WHAT YOU NEED TO DO: Restate word for word the entries below, starting with the line with "郴州市金武草皮苗木專業(yè)合作社,綠化草皮,小葉麥冬草,綠化苗木" and continuing through the line with "METRIKUS EGYSÉGEK ÉL". Include both of those lines and no others.

THE DATA:
"""
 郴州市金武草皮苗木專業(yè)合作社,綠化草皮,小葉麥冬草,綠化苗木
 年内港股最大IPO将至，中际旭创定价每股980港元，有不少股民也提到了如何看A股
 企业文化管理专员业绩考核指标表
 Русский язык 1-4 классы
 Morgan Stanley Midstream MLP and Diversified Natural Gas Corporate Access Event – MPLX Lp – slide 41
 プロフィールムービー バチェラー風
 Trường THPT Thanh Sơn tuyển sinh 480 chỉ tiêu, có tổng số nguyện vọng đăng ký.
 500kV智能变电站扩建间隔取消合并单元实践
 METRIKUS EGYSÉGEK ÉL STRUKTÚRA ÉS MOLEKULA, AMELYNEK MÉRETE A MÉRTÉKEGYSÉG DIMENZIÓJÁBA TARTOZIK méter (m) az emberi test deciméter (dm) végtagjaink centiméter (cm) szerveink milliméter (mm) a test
"""
"""
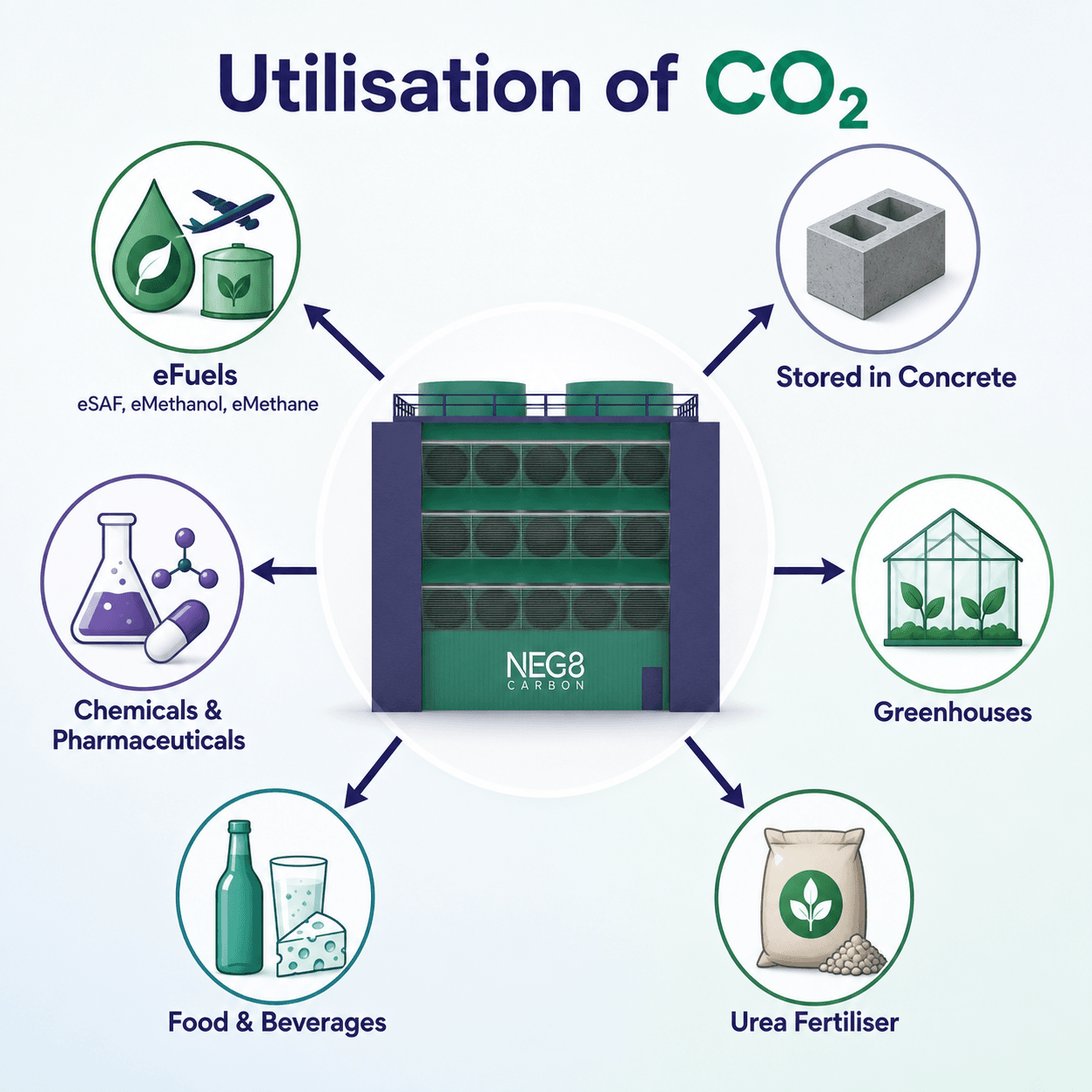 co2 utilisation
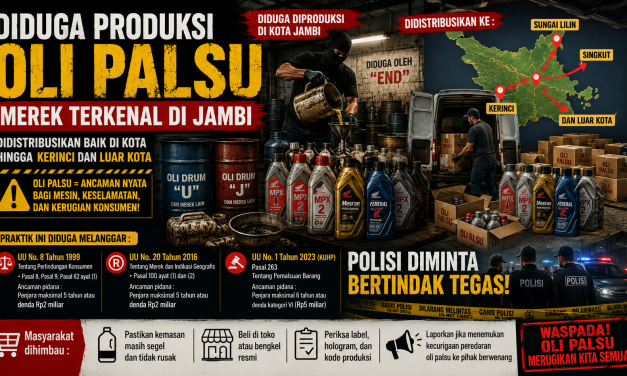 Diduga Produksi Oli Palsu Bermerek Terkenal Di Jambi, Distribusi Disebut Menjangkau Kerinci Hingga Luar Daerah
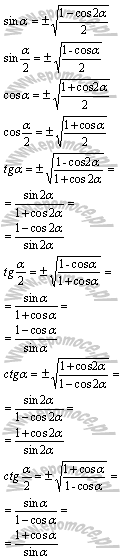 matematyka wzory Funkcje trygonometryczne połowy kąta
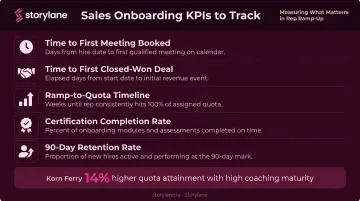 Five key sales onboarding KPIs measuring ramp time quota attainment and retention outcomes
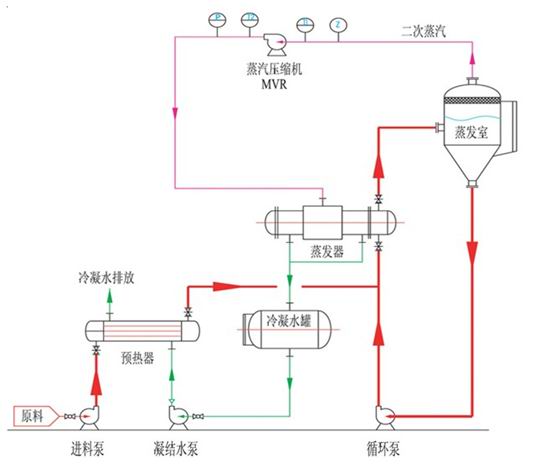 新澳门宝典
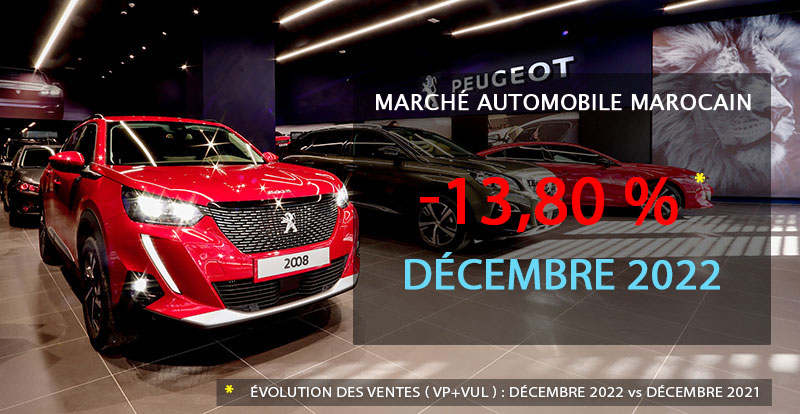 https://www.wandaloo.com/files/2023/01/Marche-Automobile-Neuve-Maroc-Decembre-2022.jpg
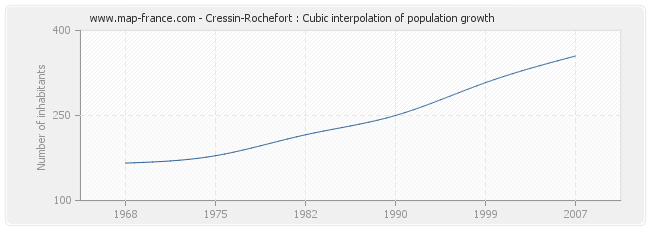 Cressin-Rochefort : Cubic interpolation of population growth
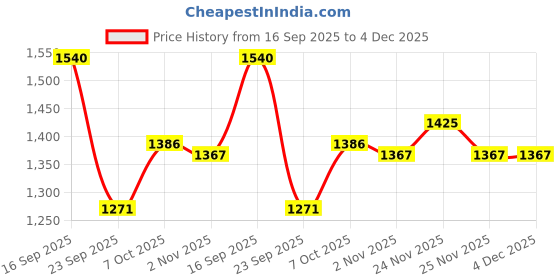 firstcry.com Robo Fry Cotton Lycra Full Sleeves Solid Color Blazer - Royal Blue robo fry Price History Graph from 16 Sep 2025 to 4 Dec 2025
"""
RESULT FOR THIS TASK:
 郴州市金武草皮苗木專業(yè)合作社,綠化草皮,小葉麥冬草,綠化苗木
 年内港股最大IPO将至，中际旭创定价每股980港元，有不少股民也提到了如何看A股
 企业文化管理专员业绩考核指标表
 Русский язык 1-4 классы
 Morgan Stanley Midstream MLP and Diversified Natural Gas Corporate Access Event – MPLX Lp – slide 41
 プロフィールムービー バチェラー風
 Trường THPT Thanh Sơn tuyển sinh 480 chỉ tiêu, có tổng số nguyện vọng đăng ký.
 500kV智能变电站扩建间隔取消合并单元实践
 METRIKUS EGYSÉGEK ÉL STRUKTÚRA ÉS MOLEKULA, AMELYNEK MÉRETE A MÉRTÉKEGYSÉG DIMENZIÓJÁBA TARTOZIK méter (m) az emberi test deciméter (dm) végtagjaink centiméter (cm) szerveink milliméter (mm) a test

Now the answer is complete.